§ EXERCISE GOAL
Leaving out the images, please reproduce each line below exactly.
*** RECORDS FOR PROCESSING Section Begins ***
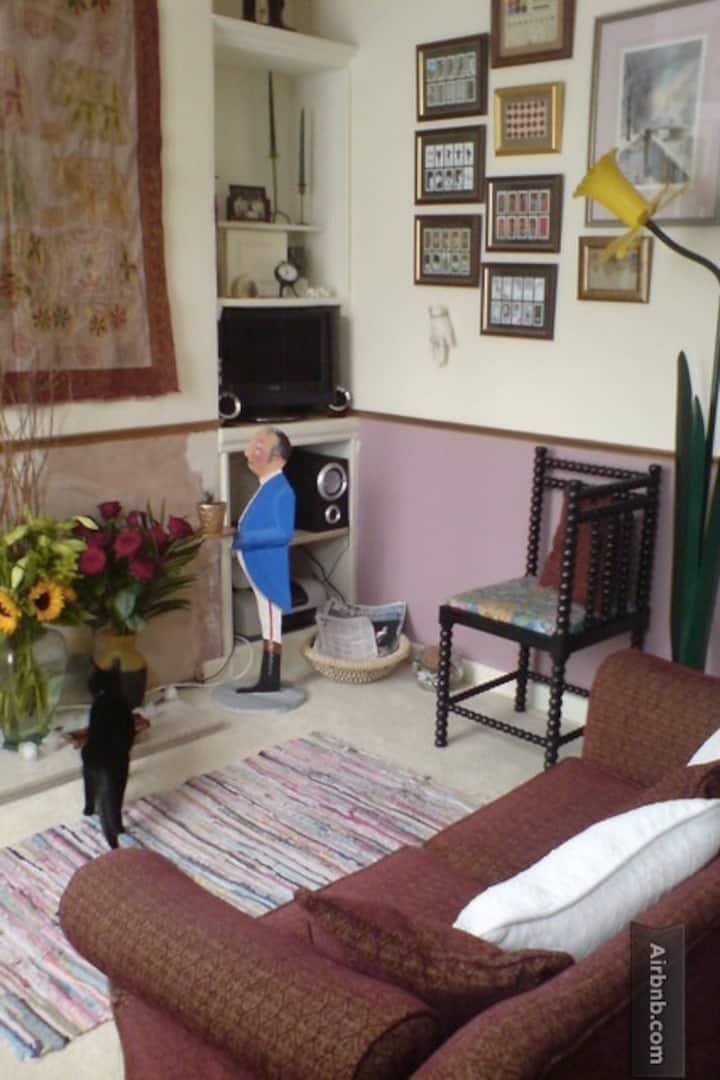 Single room to let in homely house with 2 cats.
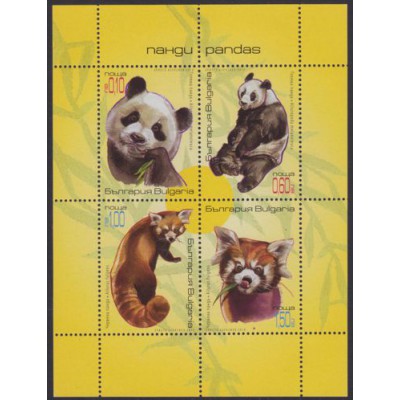 Fauna Salvaje Pandas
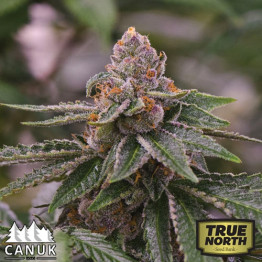 Gelato Feminized Seeds (Canuk Seeds) - ELITE STRAIN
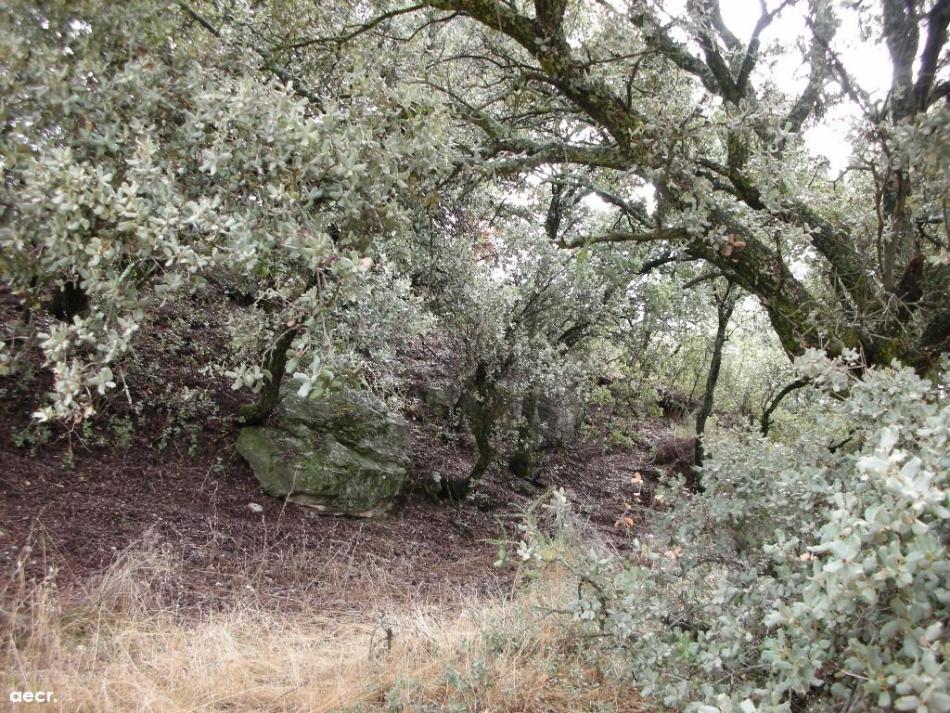 Foto de Quijorna (Madrid), España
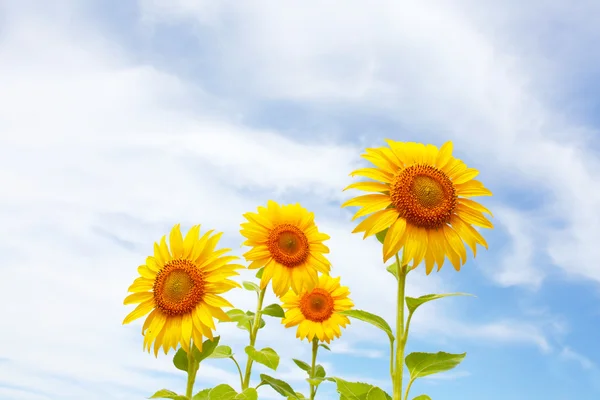 Nahaufnahme einer Sonnenblume vor blauem Himmel — Stockfoto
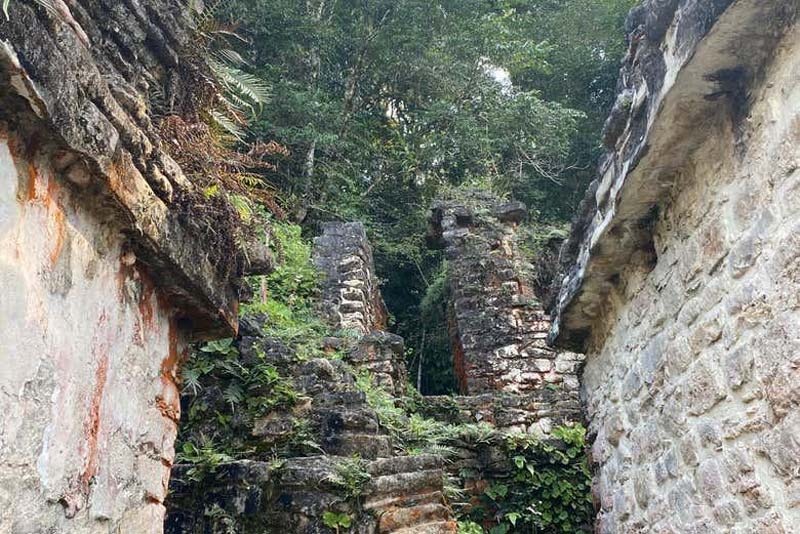 Zona Arqueológica de Bonampak: arte, historia y naturaleza en la selva de Chiapas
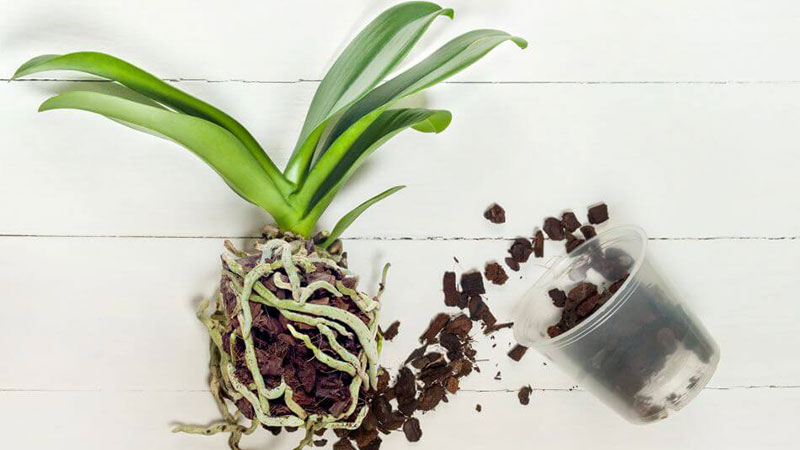 how to choose best potting soil for orchids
*** RECORDS FOR PROCESSING Section Ends ***
§ TASK RESPONSE
 Single room to let in homely house with 2 cats.
 Fauna Salvaje Pandas
 Gelato Feminized Seeds (Canuk Seeds) - ELITE STRAIN
 Foto de Quijorna (Madrid), España
 Nahaufnahme einer Sonnenblume vor blauem Himmel — Stockfoto
 Zona Arqueológica de Bonampak: arte, historia y naturaleza en la selva de Chiapas
 how to choose best potting soil for orchids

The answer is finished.